Published:
Author: Catherine Graham
"Researchers around the world are now using this dataset to train and test the ability of AI to estimate colon geometry directly from a video."—Nicholas Durr, associate professor of biomedical engineering

Computer vision systems show promise for improving the accuracy of colonoscopy screenings, a procedure that uses a camera to see the inside of the large intestine to detect cancer and other diseases. Training and assessing computer vision algorithms typically require a properly labeled dataset that contains “ground truth”— information that is verified to be true in realistic conditions. To date, ground-truth datasets have been difficult to acquire for colonoscopy images.  

A Johns Hopkins University research team has created a dataset of simulated videos, called C3VD, that is more representative of colonoscopy imaging and can help researchers evaluate how their computer vision models will perform in real-world scenarios. Published recently in Medical Image Analysis, “Colonoscopy 3D video dataset with paired depth from 2D-3D registration” addresses problems that have historically made colonoscopy a challenging application for computer vision, including 3D reconstruction and depth estimation. 

According to the team, which includes Hopkins experts in optics, computer science, medical art, and gastroenterology, this is the first colonoscopy reconstruction dataset that includes realistic colonoscopy videos labeled with registered ground truth. They are hopeful that their efforts will contribute to the development of advanced computer vision algorithms that can aid endoscopists in real time during colonoscopies.

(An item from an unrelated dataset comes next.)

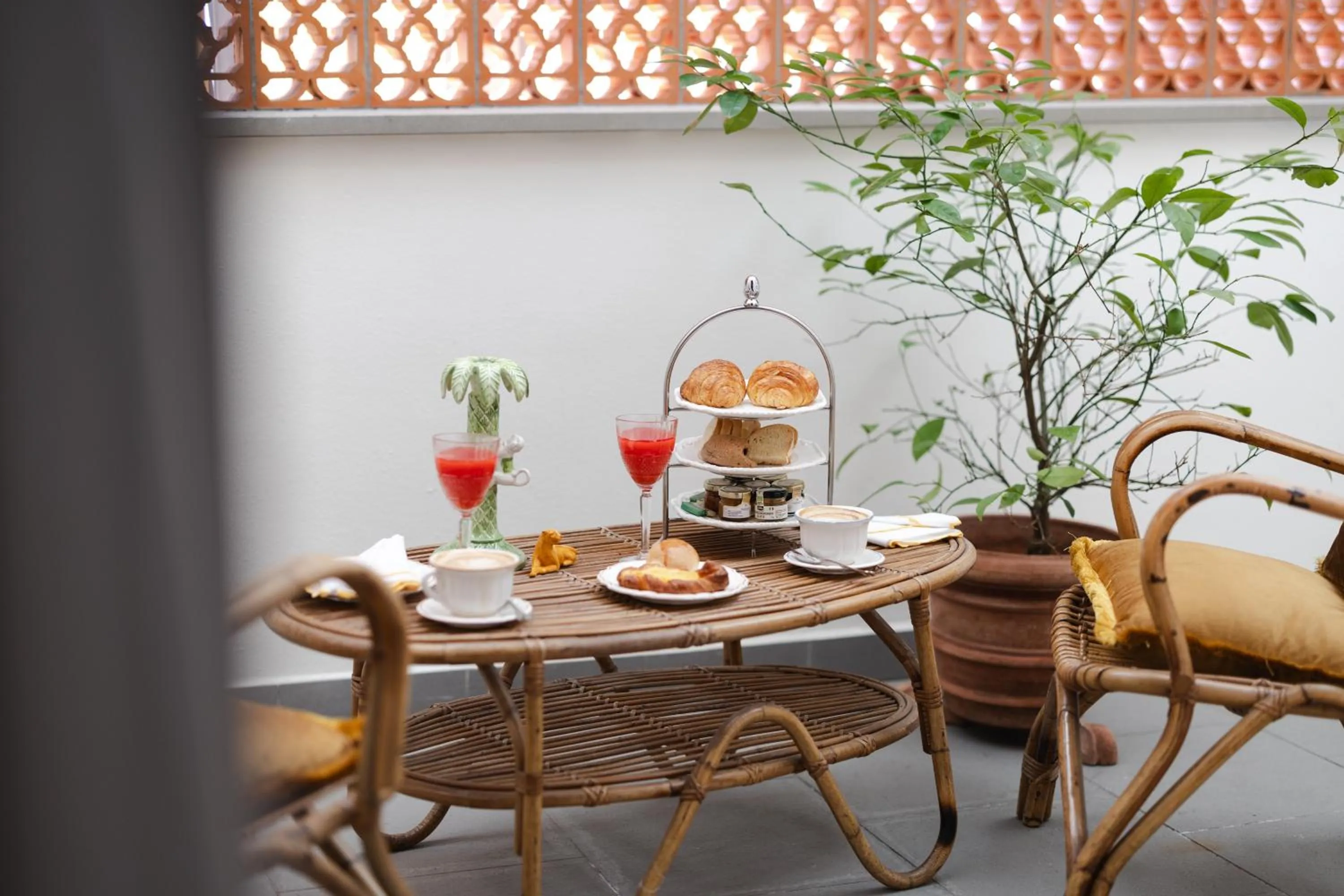 Breakfast in Hotel Number Nine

Artificial intelligence can dramatically improve colonoscopy procedures—for instance by improving lesion detection or ensuring the full colon is screened. But AI models rely on high-quality data. Our dataset includes commercial colonoscope videos of realistic colon phantoms, with pixel-level annotations of the distance of every pixel from the camera. Researchers around the world are now using this dataset to train and test the ability of AI to estimate colon geometry directly from a video,” said Nicholas Durr, an associate professor of biomedical engineering and senior author of the paper.  

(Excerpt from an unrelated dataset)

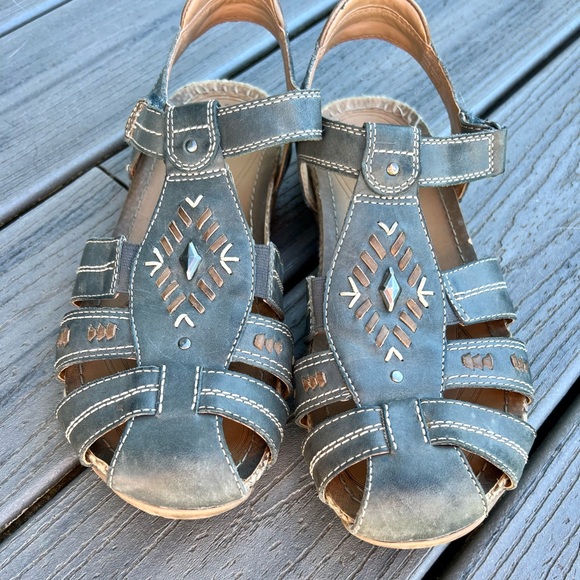 EUC. Earth Origins Sandals - Picture 4 of 6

To develop the dataset, researchers from the School of Medicine’s Department of Art as Applied to Medicine first created a digital sculpture of the colon from reference anatomical images and then physically cast it in silicone. Using the 3D colon model, the researchers recorded video sequences with a clinical HD colonoscope to include realistic lighting, sensor gain, gamma, and noise—all factors that play an important role in the performance of computer vision algorithms. 

After recording the simulated colonoscopy videos, the researchers needed to virtually align them to the model– a process known as registration–so that they could extract ground-truth information for each frame. They developed a registration algorithm using a combination of artificial intelligence, ray tracing, and optimization. By registering the videos with the models, they created a video dataset with more than 10,000 frames, in which each frame has ground truth normals, optical flow, occlusion, coverage, and poses. 

“These are essential components for building reliable computer vision models, making our dataset useful for various potential applications that may improve colonoscopy quality,” said Taylor Bobrow, a graduate student in biomedical engineering and lead author of the paper. 

While the study’s primary contribution was the validation dataset, Bobrow says the team also made an interesting finding related to the registration algorithm. Most work on 2D-to-3D image registration has focused on applications in radiological systems via X-rays, whereas the Johns Hopkins researchers worked with optical technologies. They discovered that transforming optical images to the depth domain for registration resulted in significant improvements in registration accuracy, as compared to directly registering the optical images. 

The team hopes the open-source dataset will enable the wider research community to improve the performance of computer vision tools for colonoscopies.  

Bobrow believes that C3VD has the potential to minimize the number of lesions that routine colonoscopy procedures might miss, resulting in later diagnoses of colorectal cancer.

“A big focus for researchers is on using AI to develop real-time feedback systems that achieve complete visualization of the colon and alert endoscopists if they miss inspecting a tissue area during a procedure. Our dataset could be used as a tool for validating algorithms that flag missed regions,” said Bobrow.  

Co-authors include biomedical engineering graduate students Mayank Golhar and Rohan Vijayan; Venkata S. Akshintala, an assistant professor of gastroenterology; and Juan R. Garcia, an associate professor in art as applied to medicine.